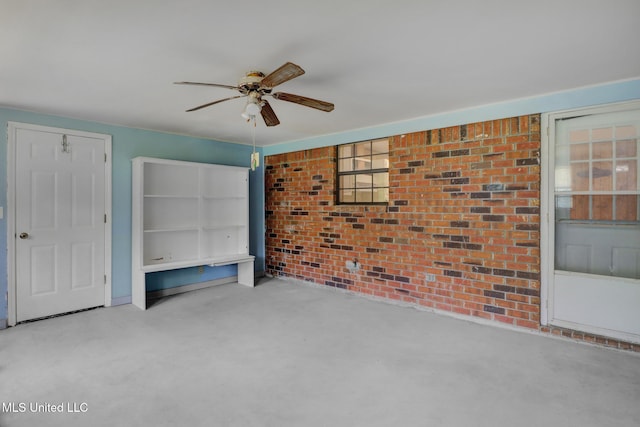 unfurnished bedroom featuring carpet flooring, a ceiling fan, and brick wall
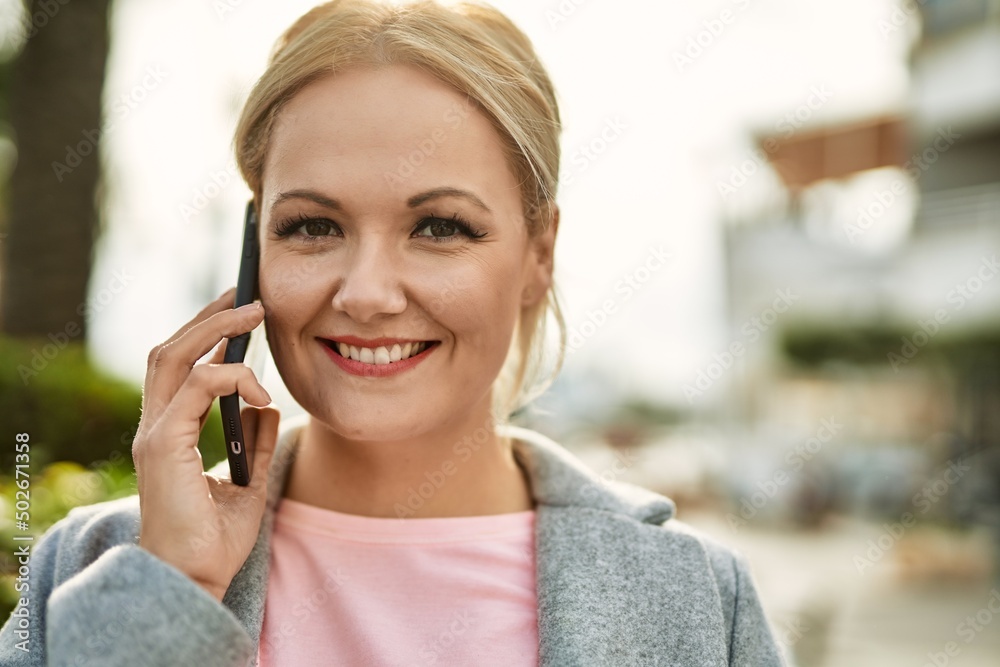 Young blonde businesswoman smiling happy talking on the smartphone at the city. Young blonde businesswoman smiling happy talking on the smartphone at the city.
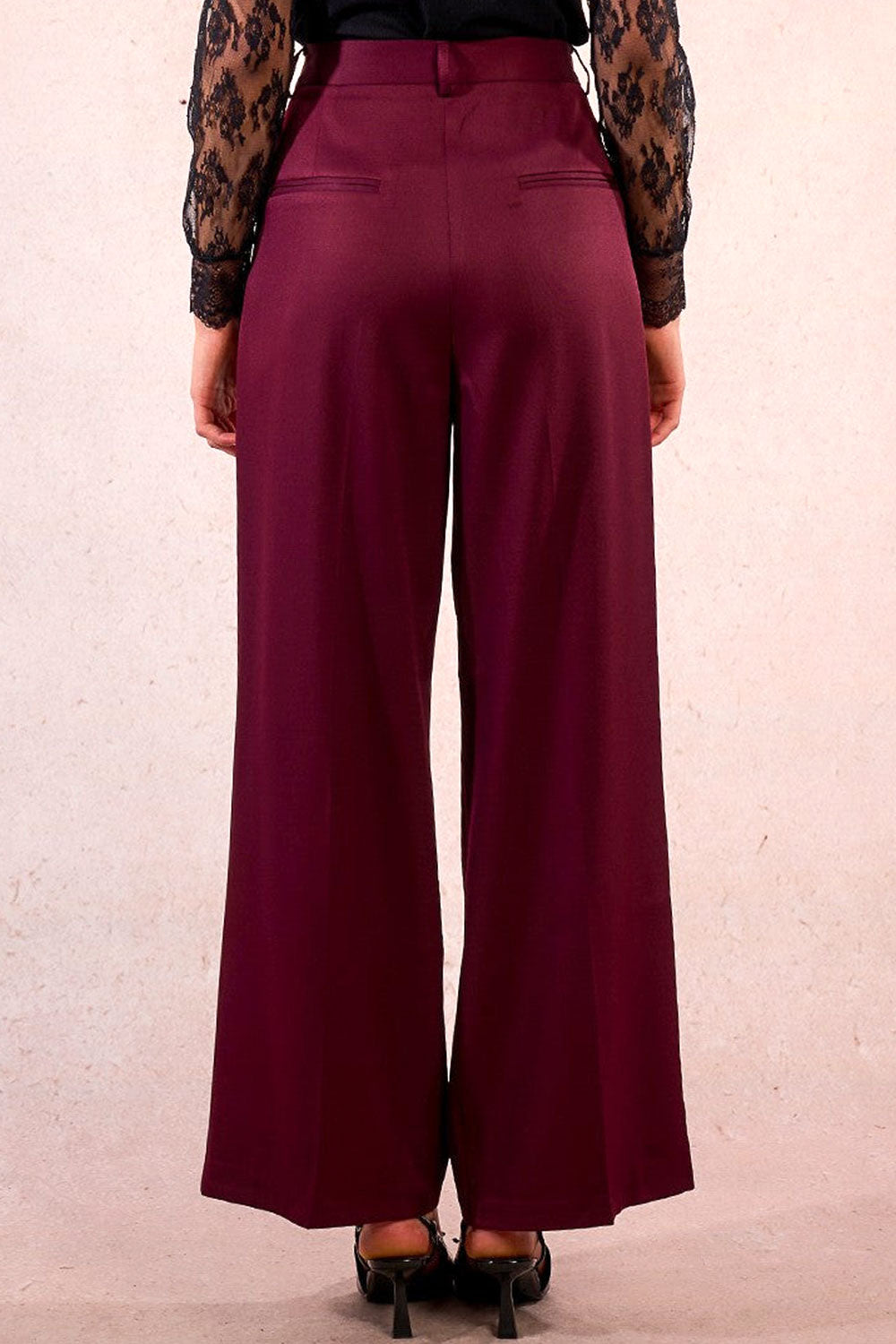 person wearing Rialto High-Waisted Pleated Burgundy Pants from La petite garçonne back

--------

**WORK REQUIRED**
A word-for-word copy is needed, starting at the first line of the listing and ending with the line bearing "the city. Young". No pictures.

**EXERCISE ANSWER**
 unfurnished bedroom featuring carpet flooring, a ceiling fan, and brick wall
 Young blonde businesswoman smiling happy talking on the smartphone at the city. Young blonde businesswoman smiling happy talking on the smartphone at the city.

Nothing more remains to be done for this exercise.